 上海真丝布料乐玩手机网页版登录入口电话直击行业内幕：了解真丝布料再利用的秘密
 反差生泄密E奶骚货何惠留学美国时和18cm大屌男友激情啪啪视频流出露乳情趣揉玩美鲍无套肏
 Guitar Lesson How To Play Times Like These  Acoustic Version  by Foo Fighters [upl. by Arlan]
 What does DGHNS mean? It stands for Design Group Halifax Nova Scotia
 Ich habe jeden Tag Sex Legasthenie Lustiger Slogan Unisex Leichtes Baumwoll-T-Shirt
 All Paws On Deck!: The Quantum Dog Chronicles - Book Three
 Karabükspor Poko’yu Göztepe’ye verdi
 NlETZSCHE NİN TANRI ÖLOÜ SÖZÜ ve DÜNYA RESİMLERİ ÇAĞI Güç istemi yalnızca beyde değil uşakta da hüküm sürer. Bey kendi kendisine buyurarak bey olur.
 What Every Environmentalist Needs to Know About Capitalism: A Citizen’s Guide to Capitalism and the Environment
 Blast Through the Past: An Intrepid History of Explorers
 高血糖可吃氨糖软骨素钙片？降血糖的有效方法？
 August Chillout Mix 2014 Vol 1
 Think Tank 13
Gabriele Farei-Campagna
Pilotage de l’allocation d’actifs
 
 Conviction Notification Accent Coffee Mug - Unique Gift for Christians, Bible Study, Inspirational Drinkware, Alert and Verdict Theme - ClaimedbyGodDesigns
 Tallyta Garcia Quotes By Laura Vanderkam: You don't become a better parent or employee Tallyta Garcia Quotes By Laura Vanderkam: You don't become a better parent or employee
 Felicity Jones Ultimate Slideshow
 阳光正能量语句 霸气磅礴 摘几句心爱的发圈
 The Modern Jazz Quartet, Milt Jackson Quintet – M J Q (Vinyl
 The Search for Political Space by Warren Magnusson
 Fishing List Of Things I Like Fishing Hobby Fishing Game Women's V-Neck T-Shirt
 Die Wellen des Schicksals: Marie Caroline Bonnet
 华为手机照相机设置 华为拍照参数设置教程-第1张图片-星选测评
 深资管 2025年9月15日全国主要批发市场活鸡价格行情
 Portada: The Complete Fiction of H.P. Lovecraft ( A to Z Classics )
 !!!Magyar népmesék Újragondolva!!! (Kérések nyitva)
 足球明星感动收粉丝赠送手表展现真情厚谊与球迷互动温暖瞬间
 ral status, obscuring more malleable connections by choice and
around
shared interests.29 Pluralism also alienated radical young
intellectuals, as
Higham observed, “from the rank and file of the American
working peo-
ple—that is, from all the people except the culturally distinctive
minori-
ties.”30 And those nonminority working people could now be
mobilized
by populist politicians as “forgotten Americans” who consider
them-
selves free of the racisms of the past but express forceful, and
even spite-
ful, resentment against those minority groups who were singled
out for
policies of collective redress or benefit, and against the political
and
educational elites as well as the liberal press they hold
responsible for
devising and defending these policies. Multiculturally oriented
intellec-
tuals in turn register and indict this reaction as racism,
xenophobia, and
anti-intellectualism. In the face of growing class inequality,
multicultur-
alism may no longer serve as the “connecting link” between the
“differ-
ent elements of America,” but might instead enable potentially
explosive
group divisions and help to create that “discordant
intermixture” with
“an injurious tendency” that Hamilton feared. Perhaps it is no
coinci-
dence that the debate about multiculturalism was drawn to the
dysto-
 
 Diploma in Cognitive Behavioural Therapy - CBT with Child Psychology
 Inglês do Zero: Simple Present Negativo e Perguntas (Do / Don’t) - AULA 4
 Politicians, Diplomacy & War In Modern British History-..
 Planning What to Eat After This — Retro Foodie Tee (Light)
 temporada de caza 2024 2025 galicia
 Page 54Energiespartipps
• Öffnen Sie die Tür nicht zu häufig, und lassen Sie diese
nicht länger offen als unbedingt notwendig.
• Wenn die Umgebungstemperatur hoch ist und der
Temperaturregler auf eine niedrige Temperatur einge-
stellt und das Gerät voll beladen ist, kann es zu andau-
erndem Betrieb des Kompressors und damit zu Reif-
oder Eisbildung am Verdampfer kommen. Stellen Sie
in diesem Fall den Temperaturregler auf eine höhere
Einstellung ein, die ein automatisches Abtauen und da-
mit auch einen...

-=-=-=-=-

Requirement: Beginning of the records through the line with "NlETZSCHE NİN TANRI": return that span exactly and stop there.

Answer:
 上海真丝布料乐玩手机网页版登录入口电话直击行业内幕：了解真丝布料再利用的秘密
 反差生泄密E奶骚货何惠留学美国时和18cm大屌男友激情啪啪视频流出露乳情趣揉玩美鲍无套肏
 Guitar Lesson How To Play Times Like These  Acoustic Version  by Foo Fighters [upl. by Arlan]
 What does DGHNS mean? It stands for Design Group Halifax Nova Scotia
 Ich habe jeden Tag Sex Legasthenie Lustiger Slogan Unisex Leichtes Baumwoll-T-Shirt
 All Paws On Deck!: The Quantum Dog Chronicles - Book Three
 Karabükspor Poko’yu Göztepe’ye verdi
 NlETZSCHE NİN TANRI ÖLOÜ SÖZÜ ve DÜNYA RESİMLERİ ÇAĞI Güç istemi yalnızca beyde değil uşakta da hüküm sürer. Bey kendi kendisine buyurarak bey olur.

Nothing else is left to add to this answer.